この機能は、2021年3月にChromium 89で提供された比較的新しいものです(現在のWebシリアルAPIのブラウザサポート)。現在、デスクトップ15サイト、モバイル14サイトでWebシリアルAPIが利用されており、ブラウザ上でArduinoやESPマイコン用のプログラムを開発できるDuino Appもその1つです。これらのプログラムは、リモートサーバーでコンパイルされ、WebシリアルAPIを介して接続されたボードにアップロードされます。

Duinoアプリは、Webシリアルを使用してArduinoマイコンにプログラムをアップロードするWebベースのIDEです。
図14.16. Duinoアプリは、Webシリアルを使用してArduinoマイコンにプログラムをアップロードするWebベースのIDEです。

汎用センサーAPI

最後に汎用センサーAPI により、加速度計、ジャイロスコープ、または方向センサーなど、デバイスのセンサーからセンサーデータを読み込むことができます。センサーにアクセスするには、センサークラス、たとえば Accelerometer の新しいインスタンスを作成する。コンストラクターは、要求された周波数を持つ設定オブジェクトを受け取ります。onreadingonerror イベントにアタッチすることで、センサーの値が更新されたときやエラーが発生したときに、それぞれ通知を受けることができます。最後に、start() メソッドを呼び出して、読み取りを開始する必要があります。

try {
  const accelerometer = new Accelerometer({ frequency: 10 });
  accelerometer.onerror = (event) => {
    console.log(event);
  };
  accelerometer.onreading = (e) => {
    console.log(e);
  };
  accelerometer.start();
} catch (err) {
  console.log(err);
}
図14.17. デスクトップおよびモバイルウェブサイトでの汎用センサーAPIの使用状況。

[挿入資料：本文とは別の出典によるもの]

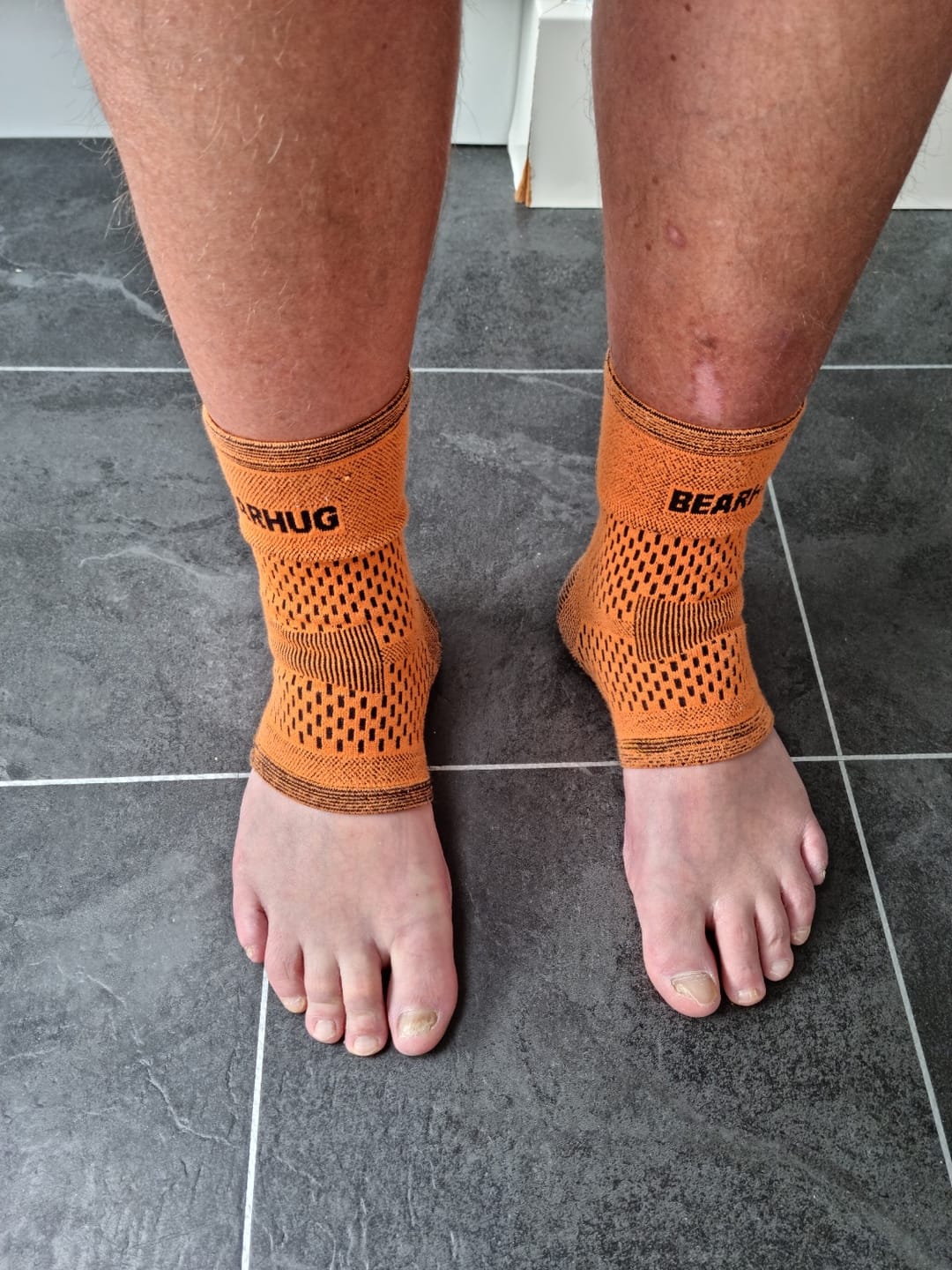 Customer photo review of Lowers Active Pack
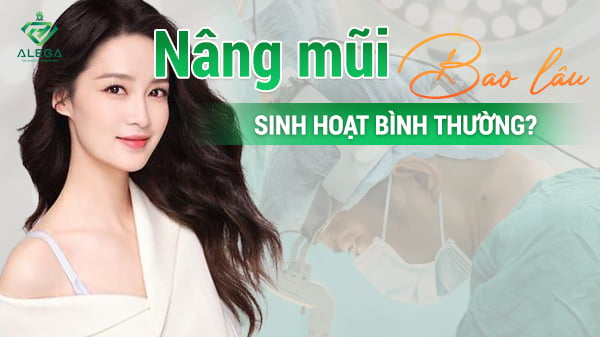 Nâng mũi bao lâu sinh hoạt bình thường.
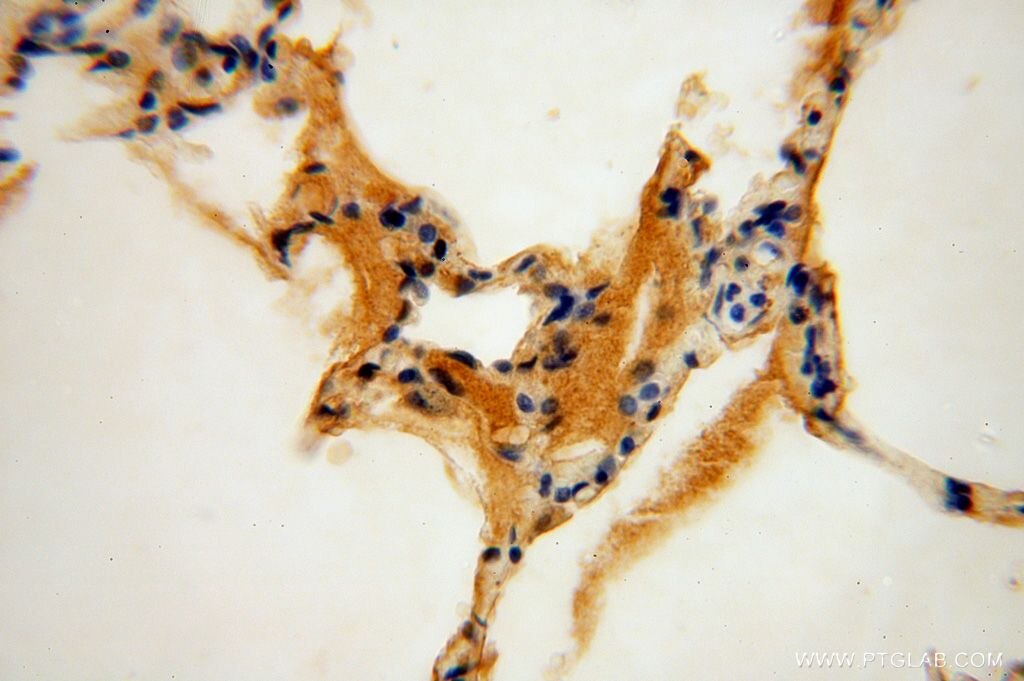 Immunohistochemistry (IHC) staining of human lung tissue using PSG11 Polyclonal antibody (16352-1-AP)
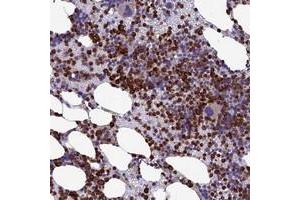 Immunohistochemical staining of human bone marrow with C19orf48 polyclonal antibody  shows strong cytoplasmic positivity in hematopoietic cells. (C19orf48 Antikörper)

この機能は、バージョン67以降のChromiumブラウザでサポートされています(汎用センサーAPIをサポートする現在のブラウザ)。相対方位センサーはデスクトップ824サイト、モバイル831サイト、直線加速度センサーはデスクトップ257サイト、モバイル237サイト、ジャイロセンサーはデスクトップ36サイト、モバイル22サイトで利用されています。この3つを使ったアプリケーションの例としてVDO.Ninja、旧OBS Ninjaがあります。OBSなどの映像放送ソフトとリモートで接続するためのソフトウェアです。このアプリを使うことで、接続した放送ソフトがデバイスからセンサーデータを読み取ることができます。たとえば、バーチャルリアリティコンテンツを配信する際に、スマートフォンの動きを取り込むことができるようになります。FuguのコントリビューターであるIntelは、汎用センサーAPIの追加の demos を提供しています。

汎用センサーAPIを使用することで、デバイスの向きに応じて3Dモデルを回転させることができます。
図14.18. 汎用センサーAPIを使用することで、デバイスの向きに応じて3Dモデルを回転させることができます。

もっとも多くの機能を使用しているサイト

また、HTTP Archiveのデータセットから、もっとも多くの機能を使用しているウェブサイトを特定する解析も行いました。この検出スクリプトは、合計30個のフグAPIを識別できます。そこで、もっとも多くのフグAPIを使用しているWebサイトに賞を贈りましょう。盛り上がってきましたね〜。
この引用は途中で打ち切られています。